Triggered by a sharp decline in global commodity prices since June, Moody's Investors Service has forecast prices of metals to remain weak in 2016. The reasons given are oversupply and subdued demand from China, the world's largest producer and consumer of metals.
Following weak prices, producers might cut production in 2016, which might help prices to rebound in 2017.
Moody's latest report says the contraction in base metal prices and related commodities, on a declining trend since 2013, has accelerated in recent months. This is dues to a culmination of macro and industry-specific factors. The price of nickel on the benchmark London Metal Exchange fell 24 per cent and of other base metals by up to 17 per cent in the past three months.
The fall in industrial commodities' prices indicate less new investments in infrastructure and housing, which drive industrial growth globally. Continuing of the weak demand trend might ring alarm bells on production and job cuts -a number of global analysts have already forecast this.
China's rate of growth, export levels and infrastructure investment are important drivers in metal demand expectations. Heightened uncertainty as to actual growth rates in China has caused sentiment towards base metals to turn more negative. While prices generally have shown a flat to declining trend since 2013, a more dramatic contraction has been in evidence since June this year, with August seeing significant downward movement.
As China consumes a significant amount of base metal production, growth expectations there and consequent demand for base metals plays a major role in the commodity price movement.
In fact, prices of many industrial commodities have reached their level of cost of production. So, any further fall would lead to cut in production.

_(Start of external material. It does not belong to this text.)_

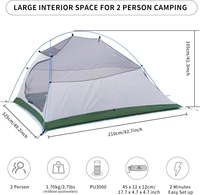 Naturehike Cloud Up 2 Person Camping Tent Waterproof Easy Build Ultralight Beach Tent Outdoor Hiking Backpacking Shelter Tents 5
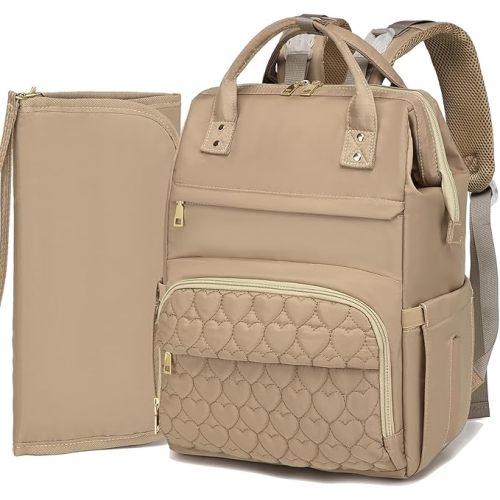 Diaper Bag Backpack with Portable Changing Pad, Waterproof Baby Diaper Bag with Insulated Pockets and Stroller Straps for Boys Girls, Large Travel Diaper Backpacks Tote Bag for Mom, Khaki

In fact, global aluminium majors, including India's Bharat Aluminium Company (Balco), are facing the heat of falling demand and thereby prices on oversupply. Consequently, Balco has announced retrenchment of around 1,000 employees.
"Between 20 and 25 per cent of global aluminium producers are currently selling their output with a cash loss. Depending upon their pocket size, they will continue. After that, however, they would have to cut their production, which might trigger a turnaround in global aluminium prices," recently said D Bhattacharya, managing director of Hindalco Industries.
Last month, Moody's revised downward the GDP growth forecast for China in 2016 to 6.3 per cent from the earlier 6.5 per cent. The perceived sharper than expected slowing of that economy, limited supply response from commodity producers, overcapacity in global steel markets, reduced energy costs and a strong dollar are creating unprecedentedly adverse conditions for these commodities, driving prices down to levels close to those seen in the 2008-09 financial crisis but perhaps with more protracted recovery prospects.
"As comparable economic drivers and the importance of China's steel production growth rates also apply to seaborne iron ore and metallurgical (met) coal prices, we have included our price assumptions for these minerals as well. Our base metal price assumptions for 2016 assume that conditions will remain relatively unchanged from current levels, although stabilising on announced and anticipated production cutbacks, while 2017 will show some improvement on a more balanced supply/ demand position and improving global economic fundamentals," said Cowan.
Met coal and iron ore prices have similarly evidenced sharply declining trends. Their price assumptions reflect expectations for a continued slower growth rate in Chinese steel production (down 1.6 per cent year-on-year through July), with further net increases in iron ore supply, which will maintain pressure on ore prices. The modest improvement in met coal assumptions anticipates unprofitable production coming out of the market in 2017.